PROBLEM REQUIREMENTS: Reproduce the entries that follow exactly, dropping each image.

RECORDS PROVIDED:
++++++++++
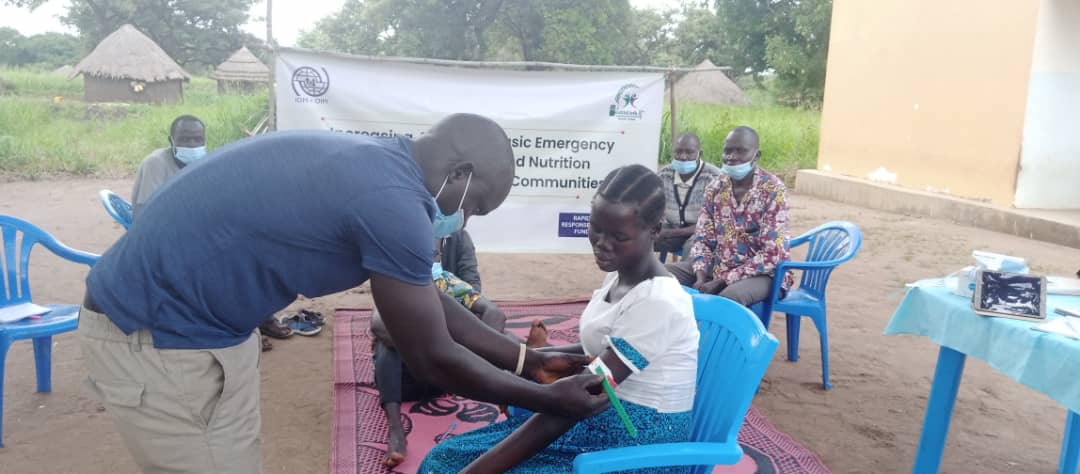 HealthLink_SS's tweet photo. With support from @IOMSouthSudan /RRF, HLSS scaled  up life-saving Health and Nutrition services to over 19,000 displaced pop. esp.  women,  children, elderly, and persons living with disabilities, affected by the recent conflicts in Magwi County🙏🏿IOM and donors https://t.co/RbZjWXfUrj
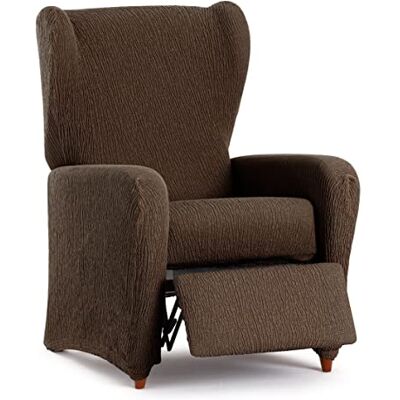 Eysa Housse de Fauteuil élastique Llion Relax 1 Place Couleur 07/ Marron - Publicité Eysa Housse de Fauteuil élastique Llion Relax 1 Place Couleur 07/ Marron - Publicité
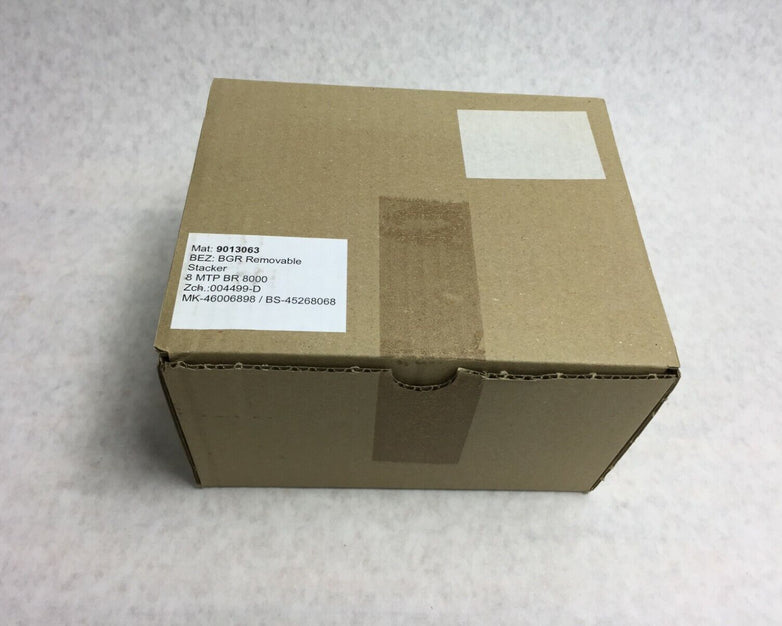 Qiagen Instruments 9013063 BEZ: BGR Removable Stacker 8 MTP BR 8000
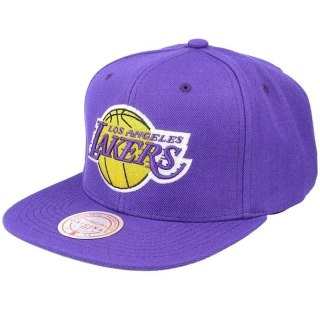 Mitchell & Ness czapka z daszkiem NBA Los Angeles Lakers Top Spot Snapback Hwc Lakers HHSS3256-LALYYPPPPURP OSFM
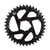 Chainrings SRAM SRAM X-Sync 2 Eagle Direct Mount Chainring 38T 6mm Offset Black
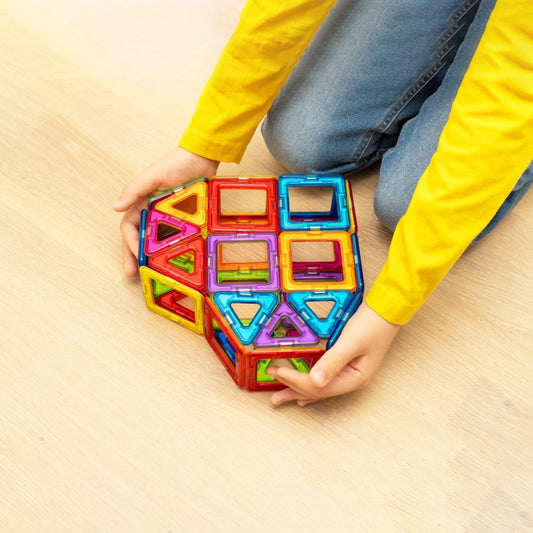 Magnetic Building Blocks Set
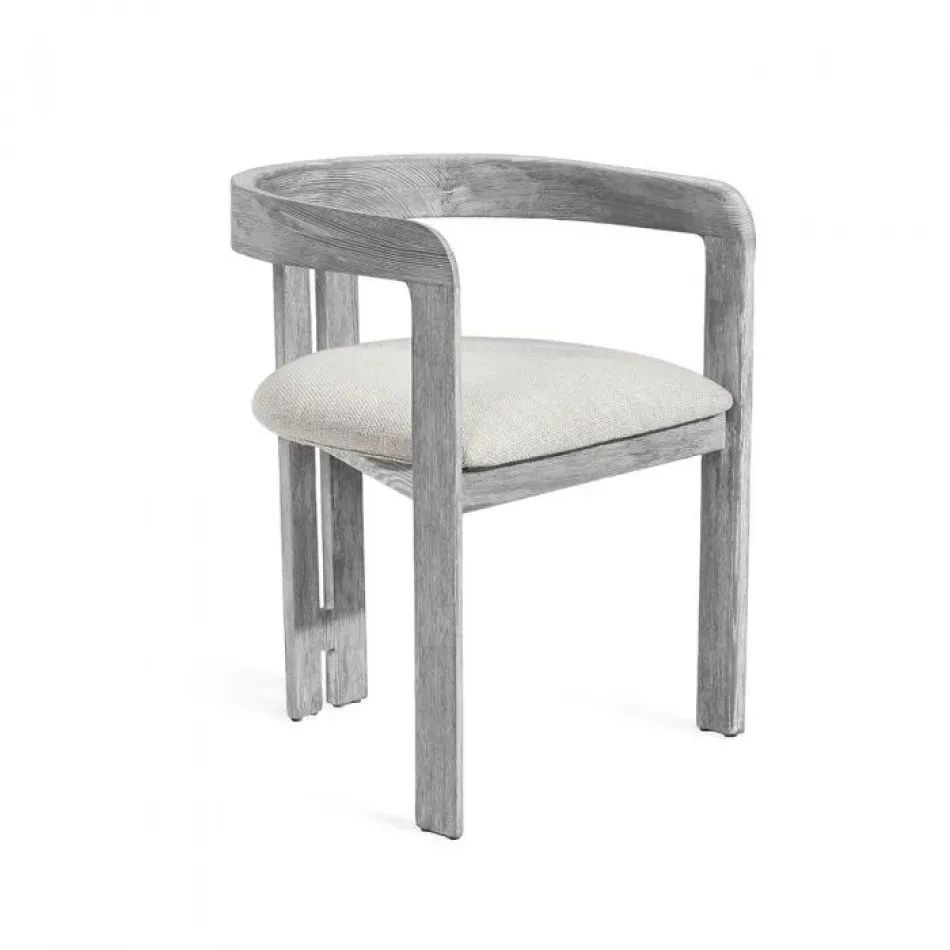 Burke Dining Chair - Dove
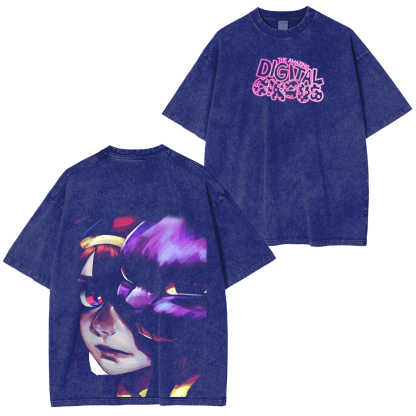 The Amazing Digital Circus Washed T-shirt/Crewneck/Hoodie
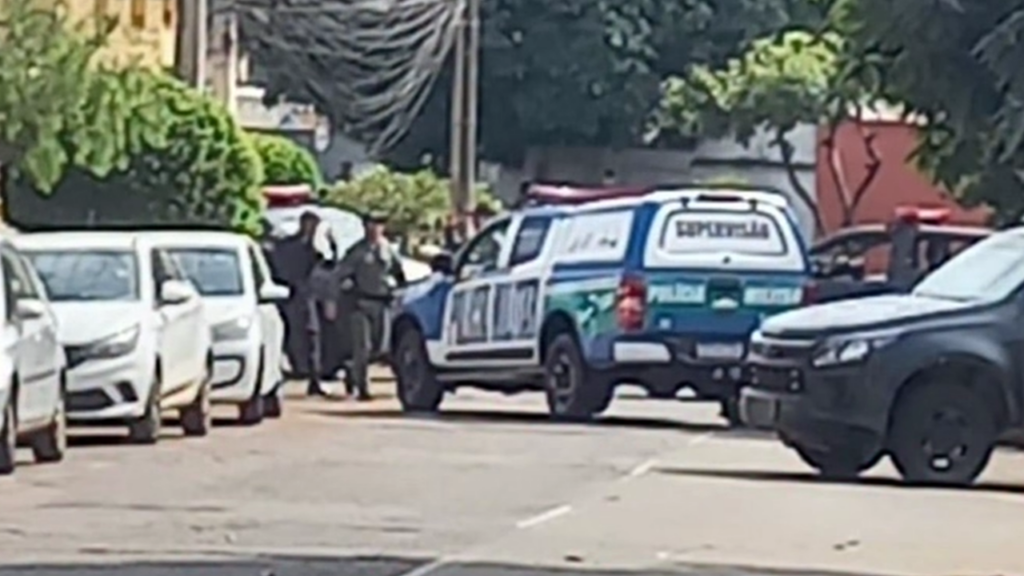 Suspeito é baleado em troca de tiros com a Rotam no Setor Vila Nova em Goiânia
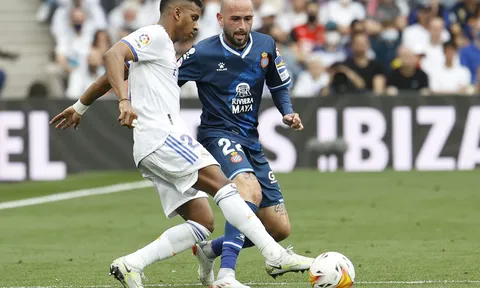 Real Madrid vô địch La Liga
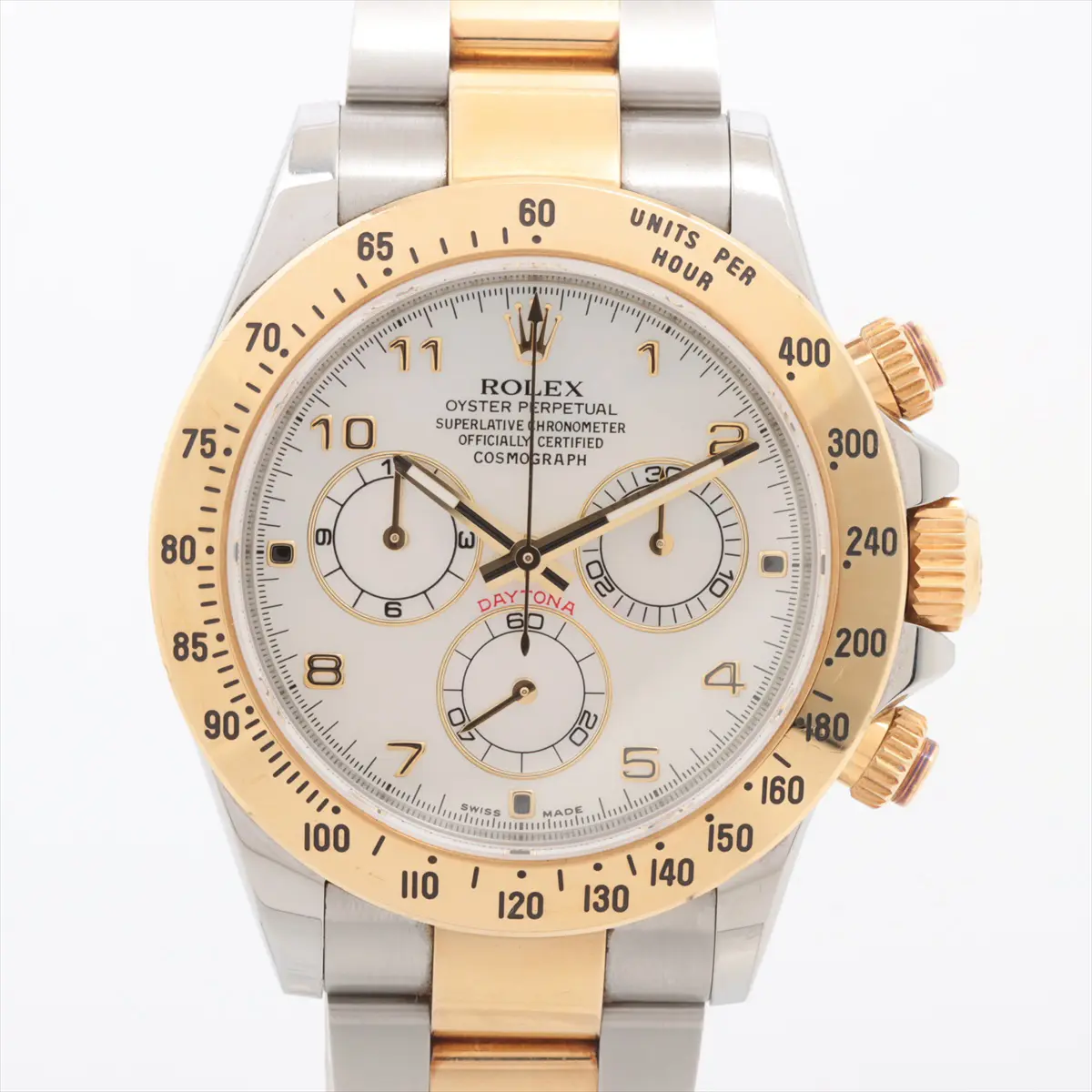 Rolex White Daytona 40mm 116523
++++++++++
REPLY:
 HealthLink_SS's tweet photo. With support from @IOMSouthSudan /RRF, HLSS scaled  up life-saving Health and Nutrition services to over 19,000 displaced pop. esp.  women,  children, elderly, and persons living with disabilities, affected by the recent conflicts in Magwi County🙏🏿IOM and donors https://t.co/RbZjWXfUrj
 Eysa Housse de Fauteuil élastique Llion Relax 1 Place Couleur 07/ Marron - Publicité Eysa Housse de Fauteuil élastique Llion Relax 1 Place Couleur 07/ Marron - Publicité
 Qiagen Instruments 9013063 BEZ: BGR Removable Stacker 8 MTP BR 8000
 Mitchell & Ness czapka z daszkiem NBA Los Angeles Lakers Top Spot Snapback Hwc Lakers HHSS3256-LALYYPPPPURP OSFM
 Chainrings SRAM SRAM X-Sync 2 Eagle Direct Mount Chainring 38T 6mm Offset Black
 Magnetic Building Blocks Set
 Burke Dining Chair - Dove
 The Amazing Digital Circus Washed T-shirt/Crewneck/Hoodie
 Suspeito é baleado em troca de tiros com a Rotam no Setor Vila Nova em Goiânia
 Real Madrid vô địch La Liga
 Rolex White Daytona 40mm 116523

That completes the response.